October 9, 2014

"The Beginning of the End of Something"

"The Beginning of the End of Something"

EXCERPT FROM A BRIE GROWS IN BROOKLYN

"I’ve been working on an essay about my relationship with alcohol, and the way that alcohol and addiction, which both of our family’s struggle with, plays a role in me and Caleb’s relationship. If I don’t have some of breakthrough, I’ll chuck it. Because I don’t have anything else to write about today, an excerpt of it is below.

When I was 11, we went on a family trip to Ireland. My mother’s two brothers came along with us, as well as my three cousins, Kevin, Danny and Brian. We drove the entire perimeter of the country in rented cars, the men always confusing which side of the road they should be driving on. We had brown bread and Fantas for lunch. We kissed the stones in castles. We listened to the Chieftains on cassette tapes. “Can you believe the Chinese people here have Irish accents?” my father said when we stopped for Chinese food in Dublin. “Don’t be wimps!” he goaded us when we refused to join him for a swim in the icy ocean between the cliffs of Moher, from which he emerged blue with cold. It was the summer, and the weather was mild, but the water was Arctic. The landscape didn’t seem real. On a vista, we paused, and saw five lakes shining like mirrors in a valley of gold.
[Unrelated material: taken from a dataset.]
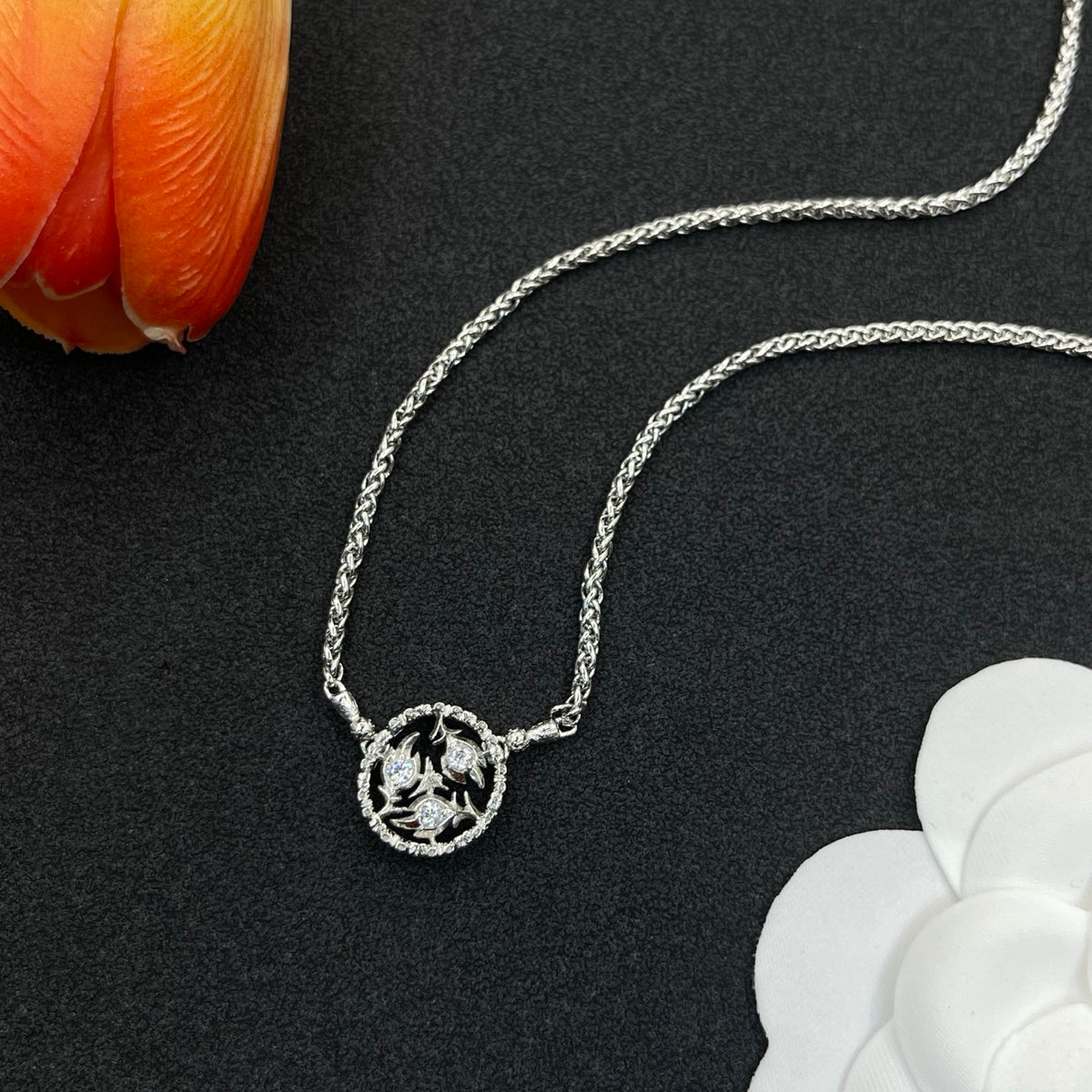 Buccellati round lace medallion necklace in Silver Tone, detail view 3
Wherever we could, we visited our relatives. We brought Mets caps to my great-grandmother’s four brothers, who still lived on the farm where they had grown up — blue hats for the men, and a pink one for the wife of the only one who had ever been married. They were in their 90s. In the hats, my uncles had them stand on one foot and pose for photographs. “Come over here and sit on my lap, child,” they told me. They had lumpy heads shaped like potatoes, and absolutely no teeth. Their hands were worn from working. The electricity only ran in the main room of the house. In the dim light, I could see the cracks in the whitewash. Me and my sister imitated their brogues.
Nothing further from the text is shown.